GOAL OF THE EXERCISE
Every line of the records below from the line with "DIRECT GULF ACCESS, INTERSECTING" up to and including the line with "MrsJess online show" must be reproduced exactly, and no line outside that range.

(Stored dataset items)
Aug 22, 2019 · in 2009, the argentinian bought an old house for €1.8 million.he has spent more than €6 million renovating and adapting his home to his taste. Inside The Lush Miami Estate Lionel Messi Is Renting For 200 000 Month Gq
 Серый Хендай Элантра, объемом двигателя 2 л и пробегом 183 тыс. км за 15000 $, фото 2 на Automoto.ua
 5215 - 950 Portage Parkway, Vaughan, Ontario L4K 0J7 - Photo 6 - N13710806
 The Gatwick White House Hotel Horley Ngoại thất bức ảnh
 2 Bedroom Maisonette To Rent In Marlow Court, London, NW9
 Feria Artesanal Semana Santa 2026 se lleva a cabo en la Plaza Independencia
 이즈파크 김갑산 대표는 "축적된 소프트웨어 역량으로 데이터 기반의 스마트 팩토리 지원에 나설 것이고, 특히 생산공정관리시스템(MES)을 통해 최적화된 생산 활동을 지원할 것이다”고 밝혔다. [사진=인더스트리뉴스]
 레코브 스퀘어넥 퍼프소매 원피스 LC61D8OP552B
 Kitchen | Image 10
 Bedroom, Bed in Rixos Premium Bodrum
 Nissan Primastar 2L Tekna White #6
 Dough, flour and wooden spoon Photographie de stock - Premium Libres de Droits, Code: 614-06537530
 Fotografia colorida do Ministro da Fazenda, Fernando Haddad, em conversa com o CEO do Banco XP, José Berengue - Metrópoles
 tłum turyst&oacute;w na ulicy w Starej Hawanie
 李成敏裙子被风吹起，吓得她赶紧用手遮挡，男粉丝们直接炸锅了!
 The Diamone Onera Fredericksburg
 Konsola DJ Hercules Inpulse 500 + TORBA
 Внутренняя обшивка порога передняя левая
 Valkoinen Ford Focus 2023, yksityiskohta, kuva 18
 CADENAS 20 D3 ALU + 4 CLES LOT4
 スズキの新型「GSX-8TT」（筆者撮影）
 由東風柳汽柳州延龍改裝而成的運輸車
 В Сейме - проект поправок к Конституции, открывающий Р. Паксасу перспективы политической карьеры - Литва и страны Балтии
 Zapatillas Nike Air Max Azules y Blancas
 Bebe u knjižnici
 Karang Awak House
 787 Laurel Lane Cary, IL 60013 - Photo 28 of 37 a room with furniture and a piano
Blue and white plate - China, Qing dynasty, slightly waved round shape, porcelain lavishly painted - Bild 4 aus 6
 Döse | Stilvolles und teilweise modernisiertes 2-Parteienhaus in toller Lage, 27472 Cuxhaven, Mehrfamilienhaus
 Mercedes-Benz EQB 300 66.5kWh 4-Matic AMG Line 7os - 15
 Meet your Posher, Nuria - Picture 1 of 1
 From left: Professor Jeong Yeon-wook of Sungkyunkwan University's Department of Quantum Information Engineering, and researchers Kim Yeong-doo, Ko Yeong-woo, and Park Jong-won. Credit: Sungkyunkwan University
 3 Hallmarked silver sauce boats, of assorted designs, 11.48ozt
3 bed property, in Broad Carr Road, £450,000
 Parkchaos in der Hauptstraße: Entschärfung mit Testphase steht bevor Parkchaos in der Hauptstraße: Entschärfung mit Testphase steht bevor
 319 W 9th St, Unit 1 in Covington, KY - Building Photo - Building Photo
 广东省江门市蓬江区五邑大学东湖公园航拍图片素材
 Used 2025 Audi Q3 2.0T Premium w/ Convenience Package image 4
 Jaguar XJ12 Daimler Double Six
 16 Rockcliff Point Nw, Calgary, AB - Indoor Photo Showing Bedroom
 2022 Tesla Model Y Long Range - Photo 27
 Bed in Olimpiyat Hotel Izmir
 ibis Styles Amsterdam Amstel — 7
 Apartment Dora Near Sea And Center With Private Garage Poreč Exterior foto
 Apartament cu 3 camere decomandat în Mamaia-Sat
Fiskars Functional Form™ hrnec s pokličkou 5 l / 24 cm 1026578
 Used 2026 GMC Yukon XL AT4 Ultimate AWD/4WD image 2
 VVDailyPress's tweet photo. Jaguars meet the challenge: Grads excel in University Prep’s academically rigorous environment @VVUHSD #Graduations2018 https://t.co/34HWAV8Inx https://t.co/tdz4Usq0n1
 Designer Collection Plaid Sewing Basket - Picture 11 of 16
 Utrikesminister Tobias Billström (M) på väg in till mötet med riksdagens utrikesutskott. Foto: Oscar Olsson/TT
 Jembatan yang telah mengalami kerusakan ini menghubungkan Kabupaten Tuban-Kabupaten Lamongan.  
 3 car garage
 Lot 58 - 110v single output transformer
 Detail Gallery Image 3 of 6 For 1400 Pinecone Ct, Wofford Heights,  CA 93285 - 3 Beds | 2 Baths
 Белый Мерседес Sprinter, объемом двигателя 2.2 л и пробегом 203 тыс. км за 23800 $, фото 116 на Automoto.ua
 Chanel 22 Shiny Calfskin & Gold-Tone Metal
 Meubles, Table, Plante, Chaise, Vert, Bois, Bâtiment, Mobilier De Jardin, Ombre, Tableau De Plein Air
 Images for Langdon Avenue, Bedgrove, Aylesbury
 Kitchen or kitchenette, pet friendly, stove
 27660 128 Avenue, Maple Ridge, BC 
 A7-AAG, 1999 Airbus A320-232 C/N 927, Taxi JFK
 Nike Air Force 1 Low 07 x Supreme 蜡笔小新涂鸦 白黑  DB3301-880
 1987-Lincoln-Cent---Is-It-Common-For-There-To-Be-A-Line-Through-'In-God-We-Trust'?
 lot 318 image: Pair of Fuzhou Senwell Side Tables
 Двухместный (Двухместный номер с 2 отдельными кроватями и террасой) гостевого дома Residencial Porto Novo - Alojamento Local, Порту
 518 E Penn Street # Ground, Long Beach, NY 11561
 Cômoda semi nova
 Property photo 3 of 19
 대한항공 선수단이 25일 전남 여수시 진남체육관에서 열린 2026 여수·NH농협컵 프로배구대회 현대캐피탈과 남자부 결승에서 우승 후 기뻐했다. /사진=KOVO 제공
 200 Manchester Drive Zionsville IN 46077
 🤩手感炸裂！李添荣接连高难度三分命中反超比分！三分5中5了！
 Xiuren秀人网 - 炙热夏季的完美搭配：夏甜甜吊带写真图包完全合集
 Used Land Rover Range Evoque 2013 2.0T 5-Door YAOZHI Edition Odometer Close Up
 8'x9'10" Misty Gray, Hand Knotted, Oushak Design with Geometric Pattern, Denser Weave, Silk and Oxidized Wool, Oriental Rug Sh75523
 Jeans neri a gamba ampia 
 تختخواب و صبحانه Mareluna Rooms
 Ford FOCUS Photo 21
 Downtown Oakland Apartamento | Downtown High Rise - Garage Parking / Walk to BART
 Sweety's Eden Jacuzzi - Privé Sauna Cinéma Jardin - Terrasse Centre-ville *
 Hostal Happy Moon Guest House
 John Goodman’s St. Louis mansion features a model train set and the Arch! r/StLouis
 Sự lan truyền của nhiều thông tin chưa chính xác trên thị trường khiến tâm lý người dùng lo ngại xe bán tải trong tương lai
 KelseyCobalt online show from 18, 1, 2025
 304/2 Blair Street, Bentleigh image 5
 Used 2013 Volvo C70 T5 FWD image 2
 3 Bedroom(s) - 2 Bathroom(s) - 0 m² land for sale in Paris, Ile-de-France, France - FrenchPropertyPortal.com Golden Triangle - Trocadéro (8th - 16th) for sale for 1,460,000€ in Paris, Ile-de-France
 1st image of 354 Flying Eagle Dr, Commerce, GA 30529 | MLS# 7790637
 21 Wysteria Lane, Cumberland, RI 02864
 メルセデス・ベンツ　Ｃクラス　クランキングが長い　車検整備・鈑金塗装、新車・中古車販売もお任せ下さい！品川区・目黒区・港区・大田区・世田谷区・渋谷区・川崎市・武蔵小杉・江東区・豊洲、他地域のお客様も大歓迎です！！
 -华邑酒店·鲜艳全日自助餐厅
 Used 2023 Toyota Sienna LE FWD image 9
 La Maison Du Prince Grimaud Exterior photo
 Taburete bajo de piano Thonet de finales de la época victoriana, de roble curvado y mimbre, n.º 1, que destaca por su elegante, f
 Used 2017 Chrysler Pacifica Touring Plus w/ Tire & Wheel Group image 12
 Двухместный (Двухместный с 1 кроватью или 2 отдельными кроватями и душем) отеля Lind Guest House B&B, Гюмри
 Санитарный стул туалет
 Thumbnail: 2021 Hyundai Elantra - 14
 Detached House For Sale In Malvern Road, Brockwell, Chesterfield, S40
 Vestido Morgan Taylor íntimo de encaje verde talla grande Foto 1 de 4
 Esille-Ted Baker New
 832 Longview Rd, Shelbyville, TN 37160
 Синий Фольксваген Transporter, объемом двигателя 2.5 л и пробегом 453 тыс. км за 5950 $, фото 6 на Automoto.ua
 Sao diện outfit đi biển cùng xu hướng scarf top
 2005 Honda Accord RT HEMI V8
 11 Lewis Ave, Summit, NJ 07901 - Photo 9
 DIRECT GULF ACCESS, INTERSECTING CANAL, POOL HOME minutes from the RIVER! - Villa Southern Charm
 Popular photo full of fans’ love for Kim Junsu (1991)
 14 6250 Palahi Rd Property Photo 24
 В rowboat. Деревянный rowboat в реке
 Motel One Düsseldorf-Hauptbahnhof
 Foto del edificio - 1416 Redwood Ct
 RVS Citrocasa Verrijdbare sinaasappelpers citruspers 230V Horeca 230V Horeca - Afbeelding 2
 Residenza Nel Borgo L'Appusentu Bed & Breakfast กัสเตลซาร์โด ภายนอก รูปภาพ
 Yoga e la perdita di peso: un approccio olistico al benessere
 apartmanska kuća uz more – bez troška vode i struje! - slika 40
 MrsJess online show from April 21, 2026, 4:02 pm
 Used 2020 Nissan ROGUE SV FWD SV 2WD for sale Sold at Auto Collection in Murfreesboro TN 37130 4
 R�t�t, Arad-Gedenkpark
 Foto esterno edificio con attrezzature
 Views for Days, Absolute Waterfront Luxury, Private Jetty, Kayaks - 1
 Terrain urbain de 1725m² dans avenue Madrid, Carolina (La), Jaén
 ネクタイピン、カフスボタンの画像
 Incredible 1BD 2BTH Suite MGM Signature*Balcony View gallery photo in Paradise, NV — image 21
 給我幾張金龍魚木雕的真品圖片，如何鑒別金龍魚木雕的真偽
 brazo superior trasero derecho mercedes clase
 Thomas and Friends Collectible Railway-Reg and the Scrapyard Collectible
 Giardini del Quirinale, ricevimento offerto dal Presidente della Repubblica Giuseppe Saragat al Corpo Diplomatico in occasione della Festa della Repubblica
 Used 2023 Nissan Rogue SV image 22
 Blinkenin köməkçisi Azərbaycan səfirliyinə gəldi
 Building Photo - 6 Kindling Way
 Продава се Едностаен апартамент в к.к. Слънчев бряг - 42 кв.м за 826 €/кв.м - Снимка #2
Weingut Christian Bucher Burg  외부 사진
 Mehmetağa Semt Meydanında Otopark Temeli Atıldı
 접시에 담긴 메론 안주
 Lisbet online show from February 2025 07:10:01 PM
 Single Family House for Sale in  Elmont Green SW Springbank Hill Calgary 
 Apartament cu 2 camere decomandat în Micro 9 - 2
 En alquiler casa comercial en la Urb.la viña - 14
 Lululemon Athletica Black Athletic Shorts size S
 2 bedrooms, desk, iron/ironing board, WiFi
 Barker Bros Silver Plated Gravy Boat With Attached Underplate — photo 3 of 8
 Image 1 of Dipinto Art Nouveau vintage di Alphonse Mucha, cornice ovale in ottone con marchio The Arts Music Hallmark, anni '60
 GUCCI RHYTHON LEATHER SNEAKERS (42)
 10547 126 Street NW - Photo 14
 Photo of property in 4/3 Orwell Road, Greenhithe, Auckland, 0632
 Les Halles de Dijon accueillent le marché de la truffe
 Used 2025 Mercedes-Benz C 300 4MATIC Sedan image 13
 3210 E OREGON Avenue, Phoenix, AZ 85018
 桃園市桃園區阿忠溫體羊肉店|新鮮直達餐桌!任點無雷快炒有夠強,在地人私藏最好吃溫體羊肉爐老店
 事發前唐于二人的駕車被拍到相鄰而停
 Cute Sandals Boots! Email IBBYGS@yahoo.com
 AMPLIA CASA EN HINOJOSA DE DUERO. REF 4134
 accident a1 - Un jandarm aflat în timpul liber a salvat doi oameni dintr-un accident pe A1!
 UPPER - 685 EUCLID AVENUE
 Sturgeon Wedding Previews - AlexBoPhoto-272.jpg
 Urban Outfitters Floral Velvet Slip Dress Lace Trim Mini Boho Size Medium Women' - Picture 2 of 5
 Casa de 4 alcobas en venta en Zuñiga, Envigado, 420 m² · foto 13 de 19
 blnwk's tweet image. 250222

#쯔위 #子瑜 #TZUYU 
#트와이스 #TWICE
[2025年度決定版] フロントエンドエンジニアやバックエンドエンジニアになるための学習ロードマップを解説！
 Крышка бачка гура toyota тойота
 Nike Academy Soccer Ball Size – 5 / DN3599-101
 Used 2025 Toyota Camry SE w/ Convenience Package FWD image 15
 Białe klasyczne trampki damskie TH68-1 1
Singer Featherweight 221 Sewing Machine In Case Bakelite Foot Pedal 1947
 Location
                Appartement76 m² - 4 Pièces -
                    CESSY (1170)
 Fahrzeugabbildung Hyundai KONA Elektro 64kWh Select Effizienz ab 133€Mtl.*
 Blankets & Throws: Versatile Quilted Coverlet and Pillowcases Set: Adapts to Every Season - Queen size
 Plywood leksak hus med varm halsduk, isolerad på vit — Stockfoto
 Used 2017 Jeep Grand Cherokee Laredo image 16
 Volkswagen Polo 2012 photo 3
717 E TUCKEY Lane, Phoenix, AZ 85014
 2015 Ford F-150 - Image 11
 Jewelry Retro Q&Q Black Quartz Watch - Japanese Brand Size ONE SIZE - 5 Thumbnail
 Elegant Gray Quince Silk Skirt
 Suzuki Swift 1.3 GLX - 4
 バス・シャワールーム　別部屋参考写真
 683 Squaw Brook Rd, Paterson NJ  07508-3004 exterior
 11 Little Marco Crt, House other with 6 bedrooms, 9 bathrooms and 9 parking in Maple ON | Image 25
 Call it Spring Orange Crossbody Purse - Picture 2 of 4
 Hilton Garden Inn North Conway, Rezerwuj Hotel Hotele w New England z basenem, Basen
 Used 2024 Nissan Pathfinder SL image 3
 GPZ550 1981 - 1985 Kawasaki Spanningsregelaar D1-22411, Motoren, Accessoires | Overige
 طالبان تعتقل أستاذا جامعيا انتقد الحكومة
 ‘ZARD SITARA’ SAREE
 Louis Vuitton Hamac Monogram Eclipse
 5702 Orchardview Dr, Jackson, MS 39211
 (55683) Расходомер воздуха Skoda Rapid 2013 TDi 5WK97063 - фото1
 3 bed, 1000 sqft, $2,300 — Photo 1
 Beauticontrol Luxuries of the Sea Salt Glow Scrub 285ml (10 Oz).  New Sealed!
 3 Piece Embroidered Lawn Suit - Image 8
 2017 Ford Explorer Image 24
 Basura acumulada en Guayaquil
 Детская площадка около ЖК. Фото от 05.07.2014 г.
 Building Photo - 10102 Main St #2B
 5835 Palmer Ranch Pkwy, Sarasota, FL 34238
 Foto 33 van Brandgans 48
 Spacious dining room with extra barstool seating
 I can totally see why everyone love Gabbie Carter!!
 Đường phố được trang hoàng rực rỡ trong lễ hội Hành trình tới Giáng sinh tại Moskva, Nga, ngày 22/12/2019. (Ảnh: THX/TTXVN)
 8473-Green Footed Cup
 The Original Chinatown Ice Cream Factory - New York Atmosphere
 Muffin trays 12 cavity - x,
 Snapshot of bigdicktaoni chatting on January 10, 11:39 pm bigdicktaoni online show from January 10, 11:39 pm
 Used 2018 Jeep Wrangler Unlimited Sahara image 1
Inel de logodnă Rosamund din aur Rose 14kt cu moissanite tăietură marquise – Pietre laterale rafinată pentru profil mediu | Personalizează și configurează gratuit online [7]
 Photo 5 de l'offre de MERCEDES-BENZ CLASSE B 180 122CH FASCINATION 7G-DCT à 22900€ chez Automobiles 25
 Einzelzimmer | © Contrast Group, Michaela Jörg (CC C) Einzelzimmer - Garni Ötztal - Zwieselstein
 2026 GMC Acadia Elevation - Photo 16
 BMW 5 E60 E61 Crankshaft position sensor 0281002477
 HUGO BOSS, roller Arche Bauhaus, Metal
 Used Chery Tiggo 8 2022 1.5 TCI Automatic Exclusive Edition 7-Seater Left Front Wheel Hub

EXERCISE RESULT
 DIRECT GULF ACCESS, INTERSECTING CANAL, POOL HOME minutes from the RIVER! - Villa Southern Charm
 Popular photo full of fans’ love for Kim Junsu (1991)
 14 6250 Palahi Rd Property Photo 24
 В rowboat. Деревянный rowboat в реке
 Motel One Düsseldorf-Hauptbahnhof
 Foto del edificio - 1416 Redwood Ct
 RVS Citrocasa Verrijdbare sinaasappelpers citruspers 230V Horeca 230V Horeca - Afbeelding 2
 Residenza Nel Borgo L'Appusentu Bed & Breakfast กัสเตลซาร์โด ภายนอก รูปภาพ
 Yoga e la perdita di peso: un approccio olistico al benessere
 apartmanska kuća uz more – bez troška vode i struje! - slika 40
 MrsJess online show from April 21, 2026, 4:02 pm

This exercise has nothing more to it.